The expected output is exactly the lines below, starting at the line with "Preparazione Girelle alla" and ending at the line with "Toys Namizna igra Kotelji za curling GR0612", both included; no other line belongs in it.

#### SOURCE RECORDS
+ + + + +
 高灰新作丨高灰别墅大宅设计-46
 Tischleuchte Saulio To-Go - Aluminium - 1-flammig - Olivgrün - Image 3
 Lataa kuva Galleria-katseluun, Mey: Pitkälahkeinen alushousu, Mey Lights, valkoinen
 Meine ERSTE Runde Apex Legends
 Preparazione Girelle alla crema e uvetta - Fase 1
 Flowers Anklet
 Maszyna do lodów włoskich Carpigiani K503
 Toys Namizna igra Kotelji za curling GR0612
+ + + + +
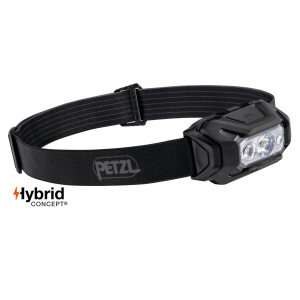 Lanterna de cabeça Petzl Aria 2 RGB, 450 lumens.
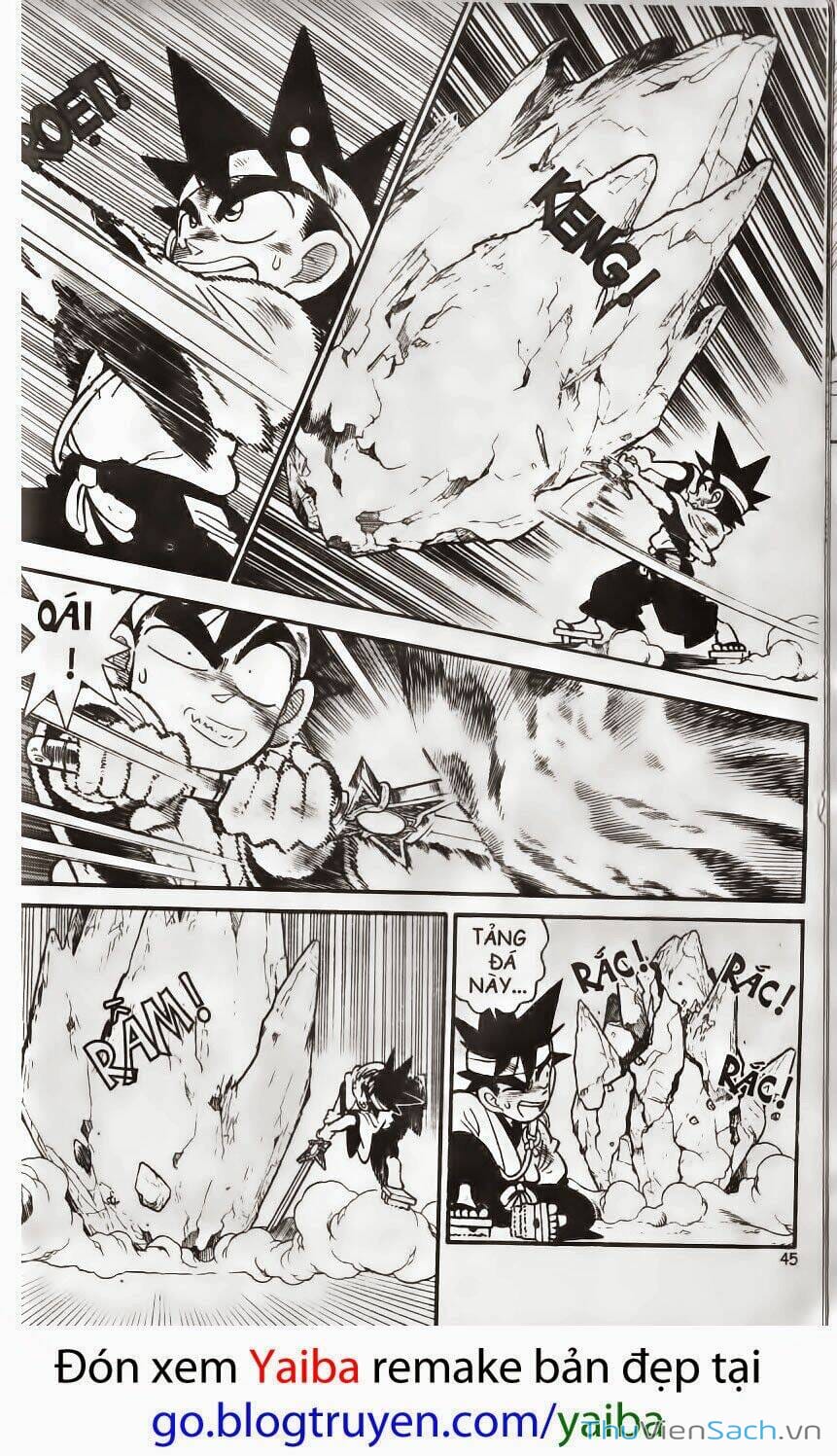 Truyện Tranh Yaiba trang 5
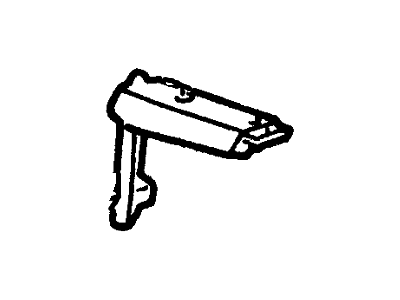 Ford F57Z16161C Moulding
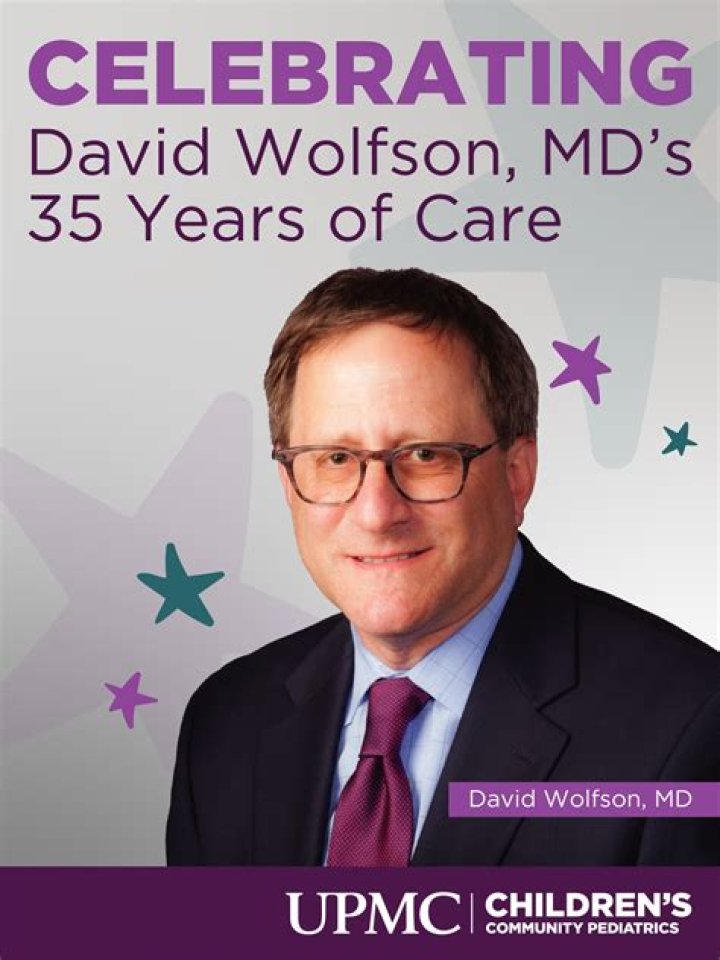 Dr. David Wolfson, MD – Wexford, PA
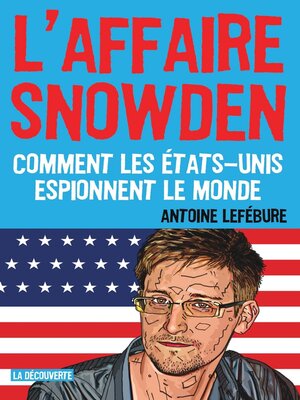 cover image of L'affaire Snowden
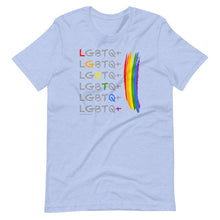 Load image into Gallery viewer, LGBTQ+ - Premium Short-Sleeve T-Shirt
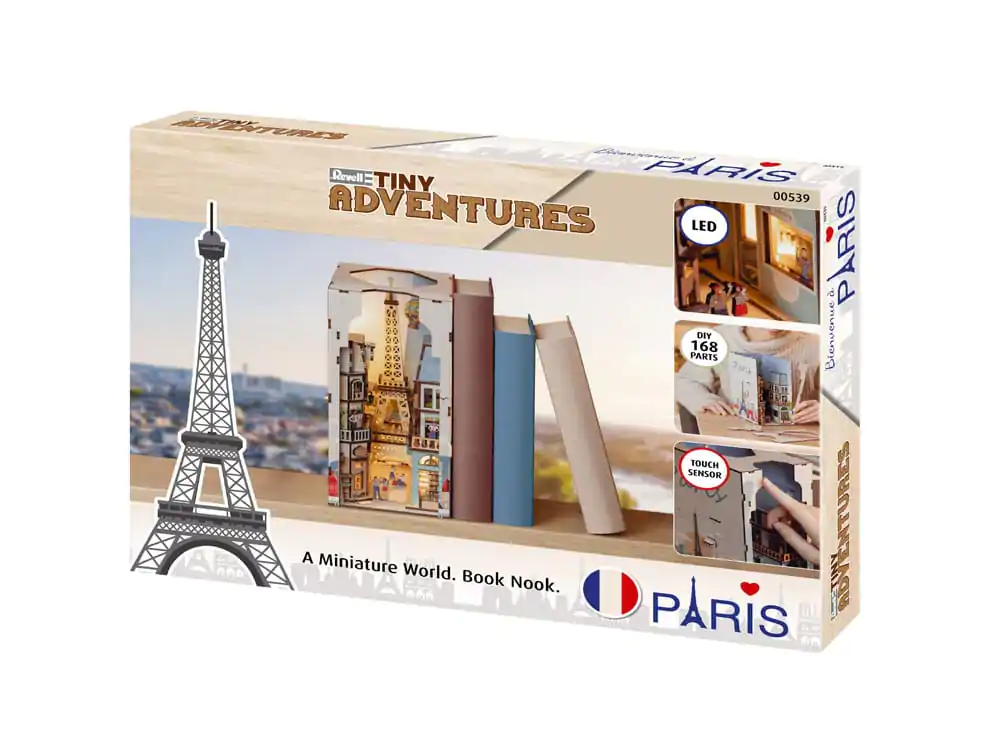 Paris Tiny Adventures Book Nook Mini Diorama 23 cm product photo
+ + + + +
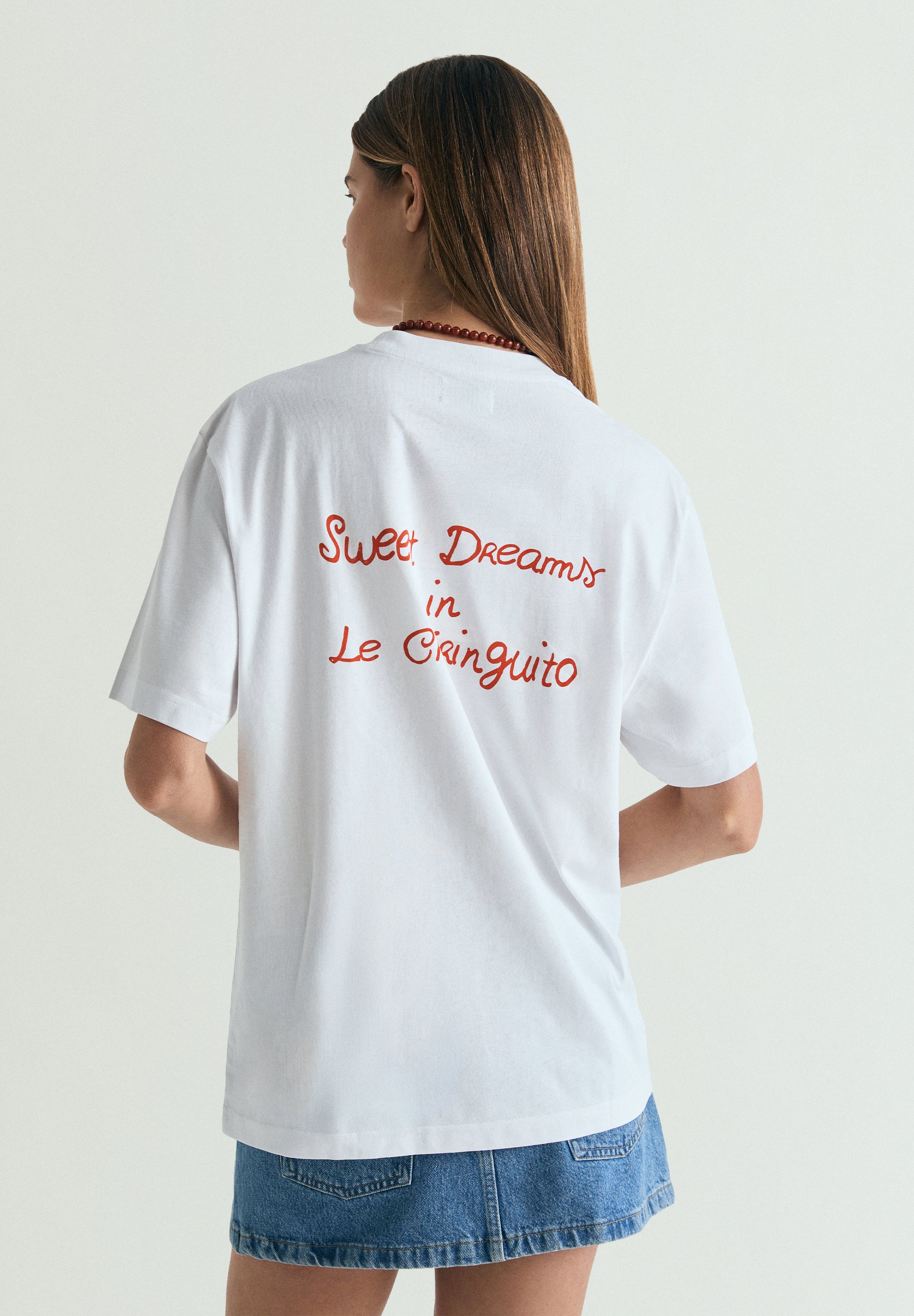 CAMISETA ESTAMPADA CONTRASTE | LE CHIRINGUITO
+ + + + +
#### WRITTEN SOLUTION
 Preparazione Girelle alla crema e uvetta - Fase 1
 Flowers Anklet
 Maszyna do lodów włoskich Carpigiani K503
 Toys Namizna igra Kotelji za curling GR0612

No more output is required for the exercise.